O diabo com certeza não se incomoda em ver um filme assim e duvido que ele se incomode quando tentamos falar da Palavra de Deus sem incluir Jesus. Ele sabe que Jesus é o único meio de salvação e que, quando Ele está ausente, não há esperança. Devemos nos envergonhar de nós mesmos.

Paulo diz: “...não me envergonho do evangelho de Cristo, pois é o poder de Deus para salvação de todo aquele que crê...” (Romanos 1.16)

Deixemos de ser hipócritas e evangelizemos, no sentido mais absoluto da palavra. O mundo precisa da luz de Cristo e não temos o direito de escondê-la.

.:.:.:.

Talvez, há muitas outras coisas que poderiam ser ditas sobre o filme. Talvez você tenha em mente mais do que eu mencionei aqui, mas coloquei as três coisas que mais me saltaram aos olhos e mexerem com meu coração.

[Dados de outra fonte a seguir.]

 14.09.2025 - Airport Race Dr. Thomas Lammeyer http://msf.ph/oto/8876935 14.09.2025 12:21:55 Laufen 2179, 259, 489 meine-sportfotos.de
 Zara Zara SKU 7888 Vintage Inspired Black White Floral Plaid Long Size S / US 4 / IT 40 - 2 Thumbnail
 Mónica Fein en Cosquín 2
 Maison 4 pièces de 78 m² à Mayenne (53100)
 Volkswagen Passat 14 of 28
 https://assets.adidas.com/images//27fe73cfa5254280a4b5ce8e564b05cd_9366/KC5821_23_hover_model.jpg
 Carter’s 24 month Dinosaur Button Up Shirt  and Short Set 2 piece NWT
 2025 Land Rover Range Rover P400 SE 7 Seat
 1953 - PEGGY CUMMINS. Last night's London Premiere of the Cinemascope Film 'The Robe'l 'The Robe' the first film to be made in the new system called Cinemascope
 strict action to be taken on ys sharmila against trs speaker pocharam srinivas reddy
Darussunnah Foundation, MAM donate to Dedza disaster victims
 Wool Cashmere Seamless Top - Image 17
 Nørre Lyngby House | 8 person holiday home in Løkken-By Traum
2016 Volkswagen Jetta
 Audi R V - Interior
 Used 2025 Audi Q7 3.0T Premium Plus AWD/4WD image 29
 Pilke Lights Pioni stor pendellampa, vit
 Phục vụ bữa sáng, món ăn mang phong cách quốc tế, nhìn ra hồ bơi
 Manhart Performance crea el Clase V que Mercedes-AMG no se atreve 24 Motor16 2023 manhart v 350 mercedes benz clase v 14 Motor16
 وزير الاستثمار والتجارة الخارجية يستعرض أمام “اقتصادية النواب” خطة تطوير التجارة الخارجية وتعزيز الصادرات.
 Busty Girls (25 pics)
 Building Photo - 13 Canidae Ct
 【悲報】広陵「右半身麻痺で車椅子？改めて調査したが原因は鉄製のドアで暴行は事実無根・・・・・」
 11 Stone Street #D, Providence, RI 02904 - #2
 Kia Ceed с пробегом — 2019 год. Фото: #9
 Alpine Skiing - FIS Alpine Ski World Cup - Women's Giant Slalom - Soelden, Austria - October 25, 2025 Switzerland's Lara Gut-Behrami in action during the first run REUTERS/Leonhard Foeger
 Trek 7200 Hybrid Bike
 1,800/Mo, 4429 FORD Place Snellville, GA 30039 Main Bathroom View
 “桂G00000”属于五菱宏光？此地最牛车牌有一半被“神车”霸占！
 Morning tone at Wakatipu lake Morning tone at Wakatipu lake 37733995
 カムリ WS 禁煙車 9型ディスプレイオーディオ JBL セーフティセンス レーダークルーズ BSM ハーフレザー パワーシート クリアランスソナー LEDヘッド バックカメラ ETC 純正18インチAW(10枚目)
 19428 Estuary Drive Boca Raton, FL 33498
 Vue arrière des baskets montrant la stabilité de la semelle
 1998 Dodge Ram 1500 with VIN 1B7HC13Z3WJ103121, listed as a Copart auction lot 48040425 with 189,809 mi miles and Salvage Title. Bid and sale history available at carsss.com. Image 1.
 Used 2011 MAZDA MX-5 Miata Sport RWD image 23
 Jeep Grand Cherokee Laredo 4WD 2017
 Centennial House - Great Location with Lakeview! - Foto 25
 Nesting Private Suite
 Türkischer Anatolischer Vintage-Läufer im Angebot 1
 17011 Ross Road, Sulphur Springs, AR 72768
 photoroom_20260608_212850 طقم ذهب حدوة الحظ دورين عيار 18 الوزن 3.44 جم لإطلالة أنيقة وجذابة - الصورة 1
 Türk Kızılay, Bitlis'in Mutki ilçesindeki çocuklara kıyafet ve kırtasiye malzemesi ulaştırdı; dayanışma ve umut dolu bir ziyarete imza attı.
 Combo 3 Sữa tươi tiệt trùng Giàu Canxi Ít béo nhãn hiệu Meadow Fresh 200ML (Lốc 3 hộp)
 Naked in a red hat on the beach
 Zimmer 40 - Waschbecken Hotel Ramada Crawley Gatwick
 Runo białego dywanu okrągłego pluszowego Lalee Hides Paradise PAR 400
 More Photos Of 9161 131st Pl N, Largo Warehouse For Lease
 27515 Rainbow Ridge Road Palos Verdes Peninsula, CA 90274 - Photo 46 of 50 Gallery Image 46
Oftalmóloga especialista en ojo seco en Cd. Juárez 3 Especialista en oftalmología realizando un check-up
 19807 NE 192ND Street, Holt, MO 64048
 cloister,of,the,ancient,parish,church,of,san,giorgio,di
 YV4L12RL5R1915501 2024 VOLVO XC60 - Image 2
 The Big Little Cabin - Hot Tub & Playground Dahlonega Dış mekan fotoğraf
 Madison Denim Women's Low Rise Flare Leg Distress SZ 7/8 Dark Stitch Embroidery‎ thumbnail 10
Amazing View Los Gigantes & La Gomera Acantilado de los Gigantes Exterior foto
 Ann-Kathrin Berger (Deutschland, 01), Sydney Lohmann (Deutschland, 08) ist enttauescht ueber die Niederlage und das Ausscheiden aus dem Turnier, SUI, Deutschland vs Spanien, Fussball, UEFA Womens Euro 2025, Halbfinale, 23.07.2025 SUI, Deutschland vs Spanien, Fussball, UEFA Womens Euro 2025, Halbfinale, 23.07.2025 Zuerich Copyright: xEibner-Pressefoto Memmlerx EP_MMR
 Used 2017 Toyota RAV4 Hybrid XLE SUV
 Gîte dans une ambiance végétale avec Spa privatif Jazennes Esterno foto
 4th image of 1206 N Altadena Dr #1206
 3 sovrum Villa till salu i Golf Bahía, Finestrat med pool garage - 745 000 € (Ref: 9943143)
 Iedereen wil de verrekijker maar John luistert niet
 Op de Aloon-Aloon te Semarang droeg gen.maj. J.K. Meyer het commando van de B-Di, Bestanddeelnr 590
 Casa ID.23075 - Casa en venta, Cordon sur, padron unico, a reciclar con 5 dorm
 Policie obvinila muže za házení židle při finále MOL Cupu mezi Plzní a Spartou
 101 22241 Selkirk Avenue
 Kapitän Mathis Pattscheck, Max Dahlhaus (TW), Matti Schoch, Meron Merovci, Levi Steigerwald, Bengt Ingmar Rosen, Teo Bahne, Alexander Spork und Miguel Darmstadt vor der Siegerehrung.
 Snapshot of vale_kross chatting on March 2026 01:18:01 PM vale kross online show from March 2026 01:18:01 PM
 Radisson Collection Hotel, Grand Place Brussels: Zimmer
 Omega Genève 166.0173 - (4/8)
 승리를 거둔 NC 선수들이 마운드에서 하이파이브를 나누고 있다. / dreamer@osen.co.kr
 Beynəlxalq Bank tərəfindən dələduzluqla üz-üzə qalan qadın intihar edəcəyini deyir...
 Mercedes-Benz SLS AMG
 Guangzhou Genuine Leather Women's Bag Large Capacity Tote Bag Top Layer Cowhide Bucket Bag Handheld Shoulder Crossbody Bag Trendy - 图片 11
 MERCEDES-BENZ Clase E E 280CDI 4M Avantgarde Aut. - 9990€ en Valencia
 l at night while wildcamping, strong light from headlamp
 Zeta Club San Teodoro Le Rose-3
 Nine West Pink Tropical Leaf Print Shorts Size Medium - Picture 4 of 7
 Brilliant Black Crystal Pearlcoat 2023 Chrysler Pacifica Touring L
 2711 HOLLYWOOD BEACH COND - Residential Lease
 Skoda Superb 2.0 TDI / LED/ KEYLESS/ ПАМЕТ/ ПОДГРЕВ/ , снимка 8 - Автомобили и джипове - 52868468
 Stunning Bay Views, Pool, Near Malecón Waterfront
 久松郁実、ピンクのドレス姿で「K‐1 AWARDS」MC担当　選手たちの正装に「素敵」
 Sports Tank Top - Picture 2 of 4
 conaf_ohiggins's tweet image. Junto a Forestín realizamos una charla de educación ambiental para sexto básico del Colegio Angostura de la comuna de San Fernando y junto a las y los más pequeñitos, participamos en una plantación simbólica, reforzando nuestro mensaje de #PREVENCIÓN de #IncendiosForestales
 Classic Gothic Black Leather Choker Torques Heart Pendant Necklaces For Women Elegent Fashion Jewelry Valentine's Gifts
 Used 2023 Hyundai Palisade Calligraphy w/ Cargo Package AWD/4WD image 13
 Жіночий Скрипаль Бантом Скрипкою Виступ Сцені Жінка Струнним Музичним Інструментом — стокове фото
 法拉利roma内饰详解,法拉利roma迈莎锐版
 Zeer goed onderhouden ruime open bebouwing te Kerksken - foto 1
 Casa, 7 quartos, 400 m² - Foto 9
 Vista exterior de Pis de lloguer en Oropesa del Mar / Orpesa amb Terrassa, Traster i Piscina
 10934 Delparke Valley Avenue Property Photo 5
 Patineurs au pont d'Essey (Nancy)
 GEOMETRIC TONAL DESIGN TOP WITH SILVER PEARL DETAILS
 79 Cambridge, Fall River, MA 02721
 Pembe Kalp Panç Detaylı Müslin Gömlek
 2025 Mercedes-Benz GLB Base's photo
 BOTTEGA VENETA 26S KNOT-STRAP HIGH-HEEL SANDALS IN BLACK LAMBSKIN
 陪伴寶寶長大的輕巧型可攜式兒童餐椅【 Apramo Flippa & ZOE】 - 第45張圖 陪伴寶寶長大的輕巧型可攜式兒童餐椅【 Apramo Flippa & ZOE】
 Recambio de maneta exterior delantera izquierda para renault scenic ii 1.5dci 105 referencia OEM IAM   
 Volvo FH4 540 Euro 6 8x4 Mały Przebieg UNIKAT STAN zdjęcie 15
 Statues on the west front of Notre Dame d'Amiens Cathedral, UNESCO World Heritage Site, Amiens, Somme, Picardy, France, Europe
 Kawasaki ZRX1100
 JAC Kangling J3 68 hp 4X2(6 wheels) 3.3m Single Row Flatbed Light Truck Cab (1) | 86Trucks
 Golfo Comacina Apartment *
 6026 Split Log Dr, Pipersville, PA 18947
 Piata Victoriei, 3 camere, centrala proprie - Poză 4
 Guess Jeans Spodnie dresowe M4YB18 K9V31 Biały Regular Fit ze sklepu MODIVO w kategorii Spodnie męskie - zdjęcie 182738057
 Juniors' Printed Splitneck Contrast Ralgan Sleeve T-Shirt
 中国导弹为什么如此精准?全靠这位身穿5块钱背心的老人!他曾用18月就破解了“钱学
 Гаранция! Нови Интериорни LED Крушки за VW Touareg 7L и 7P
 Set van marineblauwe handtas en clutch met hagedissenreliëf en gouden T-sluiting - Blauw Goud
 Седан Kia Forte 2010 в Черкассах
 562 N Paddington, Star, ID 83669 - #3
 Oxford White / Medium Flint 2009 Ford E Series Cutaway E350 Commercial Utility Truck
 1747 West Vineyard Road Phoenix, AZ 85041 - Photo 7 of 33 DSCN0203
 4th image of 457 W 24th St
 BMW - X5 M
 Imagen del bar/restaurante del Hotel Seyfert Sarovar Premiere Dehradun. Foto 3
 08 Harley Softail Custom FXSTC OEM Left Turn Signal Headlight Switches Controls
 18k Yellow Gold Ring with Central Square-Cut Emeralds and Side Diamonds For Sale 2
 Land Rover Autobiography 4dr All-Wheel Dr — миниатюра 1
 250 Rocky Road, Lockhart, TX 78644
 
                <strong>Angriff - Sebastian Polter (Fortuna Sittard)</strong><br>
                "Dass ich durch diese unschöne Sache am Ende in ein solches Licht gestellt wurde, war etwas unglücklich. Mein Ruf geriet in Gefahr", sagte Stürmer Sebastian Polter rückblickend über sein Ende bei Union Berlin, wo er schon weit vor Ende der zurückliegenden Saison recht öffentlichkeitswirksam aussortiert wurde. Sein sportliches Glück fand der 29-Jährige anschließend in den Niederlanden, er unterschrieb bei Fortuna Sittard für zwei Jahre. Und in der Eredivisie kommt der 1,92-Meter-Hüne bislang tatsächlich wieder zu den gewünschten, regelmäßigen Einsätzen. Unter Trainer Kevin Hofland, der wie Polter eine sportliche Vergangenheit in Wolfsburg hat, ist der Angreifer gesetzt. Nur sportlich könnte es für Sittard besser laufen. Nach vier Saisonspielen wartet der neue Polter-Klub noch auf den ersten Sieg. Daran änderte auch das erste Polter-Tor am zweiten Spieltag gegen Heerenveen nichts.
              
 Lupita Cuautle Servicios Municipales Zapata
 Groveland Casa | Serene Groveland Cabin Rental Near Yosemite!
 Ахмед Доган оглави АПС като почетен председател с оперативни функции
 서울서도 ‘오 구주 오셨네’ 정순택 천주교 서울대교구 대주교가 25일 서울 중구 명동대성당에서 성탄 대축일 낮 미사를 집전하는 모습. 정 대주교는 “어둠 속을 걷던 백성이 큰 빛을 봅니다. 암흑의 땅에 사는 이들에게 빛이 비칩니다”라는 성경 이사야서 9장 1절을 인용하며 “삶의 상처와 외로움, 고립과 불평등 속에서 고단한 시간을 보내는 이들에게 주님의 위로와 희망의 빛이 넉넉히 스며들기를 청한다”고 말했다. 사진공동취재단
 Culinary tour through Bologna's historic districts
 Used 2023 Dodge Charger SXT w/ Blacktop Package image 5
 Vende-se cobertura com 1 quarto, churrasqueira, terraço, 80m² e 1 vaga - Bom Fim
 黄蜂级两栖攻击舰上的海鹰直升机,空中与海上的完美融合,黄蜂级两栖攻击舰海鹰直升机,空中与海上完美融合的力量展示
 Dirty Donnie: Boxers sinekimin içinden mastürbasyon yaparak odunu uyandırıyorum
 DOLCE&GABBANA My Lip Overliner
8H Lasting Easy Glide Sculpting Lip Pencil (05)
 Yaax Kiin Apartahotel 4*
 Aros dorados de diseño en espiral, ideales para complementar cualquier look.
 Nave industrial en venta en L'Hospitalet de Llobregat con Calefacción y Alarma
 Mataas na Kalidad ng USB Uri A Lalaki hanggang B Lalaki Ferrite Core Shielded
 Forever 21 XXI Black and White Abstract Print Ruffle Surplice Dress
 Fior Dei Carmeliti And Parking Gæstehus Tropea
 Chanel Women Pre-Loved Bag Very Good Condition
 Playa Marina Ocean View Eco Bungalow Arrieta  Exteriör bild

Mais uma vez, recomendo que assistam ao filme, mas com discernimento, assim como devemos assistir a todos os filmes. Muitas vezes, falhamos ao fazer isso e permitimos que as ideias contrárias à Palavra de Deus infiltrem na nossa mente e influenciem nosso pensar, andar e falar sem percebemos. Mas que Deus continue a nos abençoar com Sua misericórdia e sabedoria.

Um comentário:

Augustus Nicodemus Lopes disse...

Sou meio suspeito para falar, mas achei que sua análise crítica do filme, de um ponto de vista cristão, foi muito bem feita. Hollywood nao está interessada somente em ganhar dinheiro - que é o deus deste mundo - mas também em propagar a visão de mundo sem Deus, sem verdade, sem absolutos. Cada filme reflete as convicções, pressuposições e crenças de seus produtores e atores. Longe de ser mais um filme de ação e violência, O Livro de Eli passa uma mensagem, que o Cristianismo pode levar ao controle das massas, e pode ser usado como instrumento de manipulação, e até ser a causa de guerras religiosas. Não há dúvida de que no passado, remoto e presente, muitos fizeram isto, mas aí, já não era Cristianismo, e sim uma caricatura dele.

Fique firme e ancorada na Palavra de Deus, pela qual podemos ver claramente o que para muitos é apenas um entretenimento inocente.